Le vrai problème, c’est plutôt que le travail n’est jamais rémunéré à sa juste valeur, et que la richesse qu’il produit est captée par d’autres comme le démontre l’analyse marxiste. En France, selon un rapport d’Oxfam, les 10 % les plus riches détiennent plus de la moitié des richesses nationales quand les 50 % les plus pauvres se partagent moins de 10 % du gâteau. Travailler aujourd’hui relève trop souvent davantage d’un acte de survie, que d’un désir d’épanouissement et, précisément, on ne devrait pas devoir prendre n’importe quel travail par obligation. Un travail peu coûteux, mal rémunéré, a un coût pour l’individu et pour la société. Cela donne lieu à une perte de compétences, à une perte de sens et, in fine, à une perte de soi-même.

« La gauche devrait défendre l’oisiveté, au nom du travail. »

Pour sortir de cette alternative travail/non-travail, la gauche ne peut donc pas défendre le travail contre l’oisiveté, sinon plus rien ne la distingue de ses adversaires. Elle devrait défendre le loisir ou l’oisiveté au nom du travail, au nom du droit au repos ou à la retraite généré par les cotisations des travailleurs.

LVSL – Vous avez rappelé au ministre du Travail, Olivier Dussopt, l’une des formules qu’il a prononcée, il y a près de dix ans, alors qu’il était porte-parole de Martine Aubry (PS) : « Les réformes doivent apporter le progrès, pas la régression. » A contrario de celle du gouvernement, à quoi ressemblerait une réforme progressiste ? Paradoxalement, ne serait-ce pas une réforme qui conserverait les acquis des luttes sociales et les protégerait davantage ?

A. D. – Lorsqu’on défend le progressisme, on peut tout à fait être dans la défense des acquis sociaux. Le progrès pourrait se définir comme la somme des victoires passées et à venir. C’est pourquoi il est indispensable aujourd’hui d’alerter sur cette réforme, qui marche – à marche forcée ! – sur les avancées d’hier. La prise en compte du « non-travail » fut une victoire socialiste, contre le temps du capital. De ce point de vue, le progrès est une condition d’amélioration du présent, et non d’une fuite vers le futur.

« Le progrès pourrait se définir comme la somme des victoires passées et à venir. »

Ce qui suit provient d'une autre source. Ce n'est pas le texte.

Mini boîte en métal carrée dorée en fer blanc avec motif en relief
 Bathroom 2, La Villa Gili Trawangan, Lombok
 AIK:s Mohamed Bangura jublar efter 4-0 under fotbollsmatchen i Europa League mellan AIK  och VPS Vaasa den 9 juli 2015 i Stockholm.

Une réforme progressiste, aujourd’hui, devrait donc maintenir les droits des travailleurs et réfléchir sur les droits nouveaux qu’il reste à conquérir. L’actuel marché du travail a fait émerger des problèmes qui ne pouvaient pas se poser au siècle dernier : par exemple, comment protéger les travailleurs des plateformes, qui sont à la fois auto-entrepreneurs et salariés ? Faut-il envisager des cotisations patronales pour les plateformes ? Interdire les statuts précaires qui n’ouvrent que des droits au rabais ? La réflexion doit être menée. Un autre exemple, moins souvent évoqué, est celui des salariés du secteur public. La fonction publique ne relève ainsi pas directement du régime de l’assurance chômage, puisqu’on a considéré jusqu’alors que l’emploi public n’était pas sujet à fluctuations. Aujourd’hui, avec le recours croissant à la contractualisation, ce postulat n’est plus tout à fait adapté. Des contractuels au chômage ont parfois du mal à faire valoir leurs droits. Il en va de même pour les entrepreneurs non salariés qui n’ont pas de droit au chômage.

Une des seules réponses crédibles aux incertitudes créées par la logique de marché serait donc d’imaginer une couverture universelle – ce qui est loin d’être le cas aujourd’hui. Cette logique progressiste est de plus en plus difficilement audible, dans un climat où règne un discours de mise en concurrence généralisée des individus, acteurs prétendument « rationnels » ayant, dans une logique libérale, la pleine maîtrise de leurs choix. À l’inverse, il faudrait impérativement prendre en compte avant toute réforme la pesanteur des logiques d’encadrement et d’exclusion sociale ou économique des individus du champ du travail pour apporter, enfin, les bonnes réponses et donc le progrès.